The Newspaper Guild struck The New York Daily News yesterday, but the nation's largest circulation daily planned to publish its Wednesday edition without the Guild and the craft unions that are honoring the editorial and commercial workers' picket line.
Eight of the nine craft unions are honoring the picket line. The International Typographical Union, the only one with a valid contract the News, has told its members to work. Some individual printers, however, are refusing to cross the picket line.
The top minimum weekly salary at the News is $457.28. Under terms of the proposed contract that would rise to $525.28 over three years.
In the early hours of the strike it was unclear how The New York Times and New York Post, which have pledged to support the News, would react.
Barry McCarthy, a spokesman for the Times, said Times executives were studying what form their support for the News will take.
Martin Fischbein, assistant to Post publisher Rupert Murdoch, said the Post will publish, but has pledged not to increase its press run and would make a further announcement today.
The key to the success of News attempts to continue publishing is held by the Newspaper Deliveries union, which was waiting until the last moment to announce whether its members will drive trucks across the picket line to distribute the paper.
Minutes after Guild leaders broke off negotiations and called their 1,340 members at the News out on strike, Guild Executive Vice President Harry Fisdell took deliverers union President Douglas La Chance by the hand and said, "Dough, we're going out on strike and we need your support."
"I've got to feed my members," La Chance replied.
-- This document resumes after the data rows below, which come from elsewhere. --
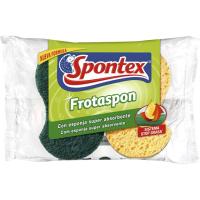 Fregall de fibra verda Frotaspón lluentor SPONTEX, pack 2 u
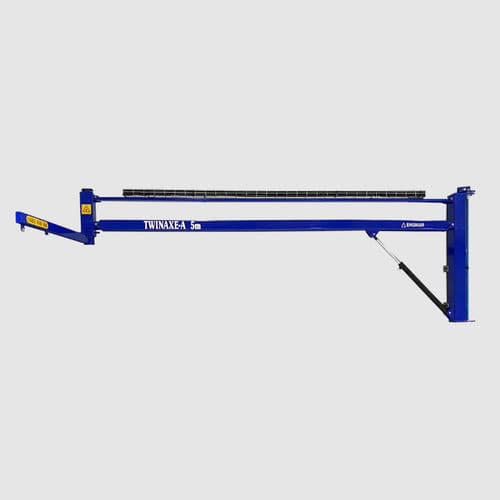 Ergonomic jib crane - TWINAXE - Engmar - rotating / height-adjustable / for welding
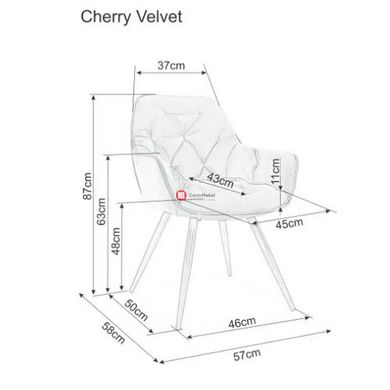 CentrMebel | Стул обеденный в ткани CHERRY MONOLITH (серый) 2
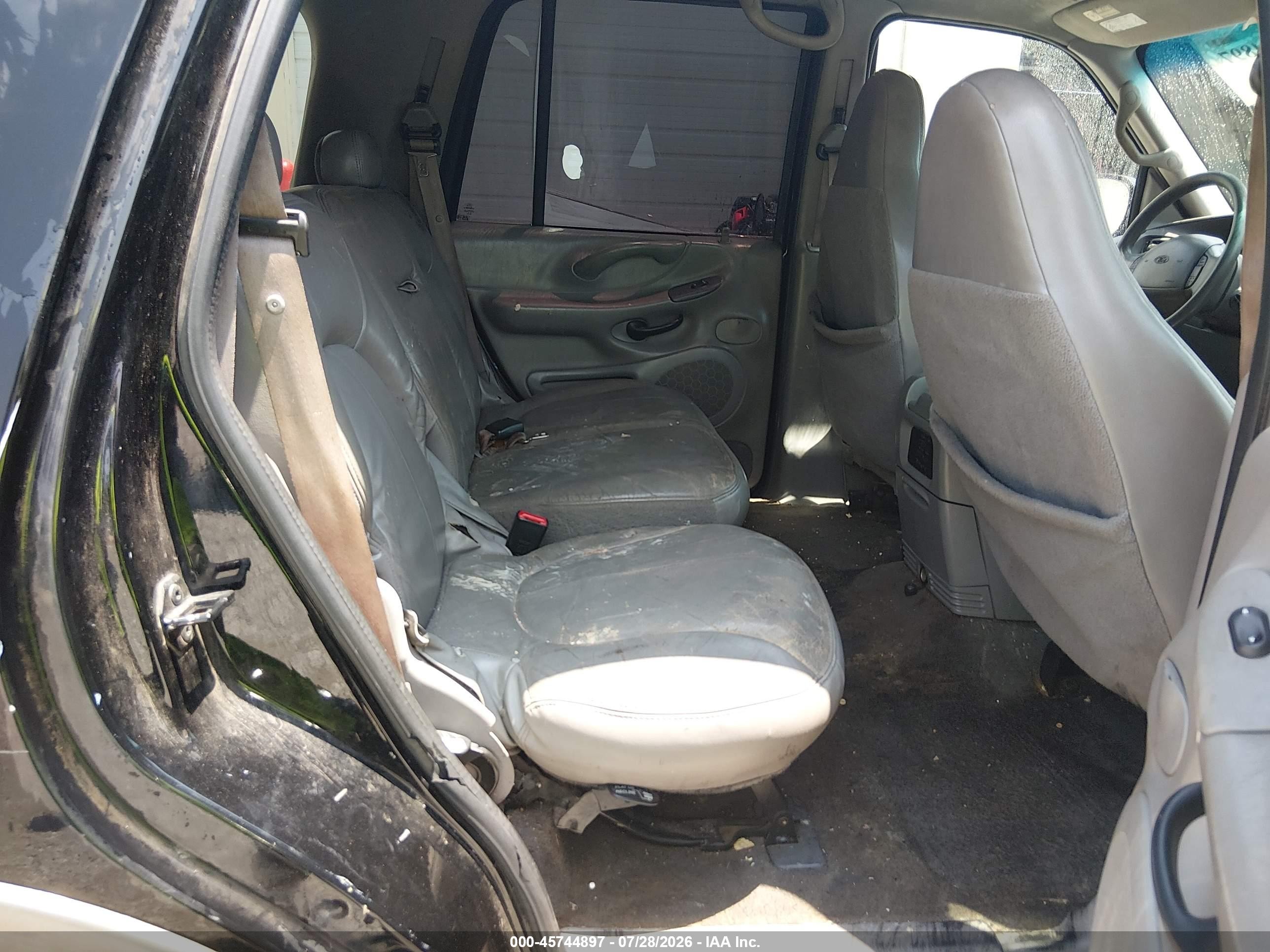 2002 Ford Expedition Xlt Black vin: 1FMRU15L92LA51370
The strike is the 11th since 1950 in the bitter labor history of New York's newspapers.
Guild officials ignored the advice of Federal Mediation and Conciliation Service National Director John Zancanaro and called the strike, Fisdell said, "Because we had no alternative."
Patrick Villela, the chairman of the guild unit at the News, said outstanding issues in the negotiations that had been going on intensively since the Guild set its first strike deadline for a week ago "are too numerous to mention."
He accused the News of trying to make all future employes "second-class citizens" by refusing to provide them the same wages and benefits present employes enjoy.
The News, which has a daily circulation of 1.8 million and Sunday circulation of 2.7 million, issued a statement declaring itself "keenly disappointed at an arbitrary and unjustified" strike.
Wages are not a major issue. The News has offered weekly pay increases of $23 in each of the first two years of a three-year contract and $22 in the third year, the same terms it tentatively agreed to with the deliverers union earlier this year. Negotiations broke down over working conditions and fringe benefits, with Guild spokesmen claiming that the company sought to take away employe benefits in about 15 areas.
Guild members have been working without contracts at all three New York dailies since March 30, but although the publishers have an agreement to bargain together, the situation is different at each of the papers.
The Post has been pressuring the Guild by unilaterally posting new work rules, and Guild members there have publicly accused Murdoch of seeking to break their union. Fischbein said no new measures were being taken against the Guild by the Post yesterday, but left open the possiblility of some action by the publisher today.
The Times has been an observer while negotiations with the News took center stage, and there have not been problems specific to Guild-Times relations.
As the picket line went up outside the News building on 42nd Street, police officials made clear that they would keep the strikers away from any trucks that came to distribute the News.
Assistant Police Chief Daniel Courtenay ordered his men to keep the truck bays clear. "They have a right to strike, but they don't have a right to interfere with people trying to go in the building," he said.
"If it gets hairy, we'll have 100 to 150 men here," he added.
Members of the deliverers union stood watching the picket line, waiting for instructions from La Chance to work or not to work. They vowed, however, that if they honor the picket line there will be violence if nonunion drivers are brought in to deliver the News.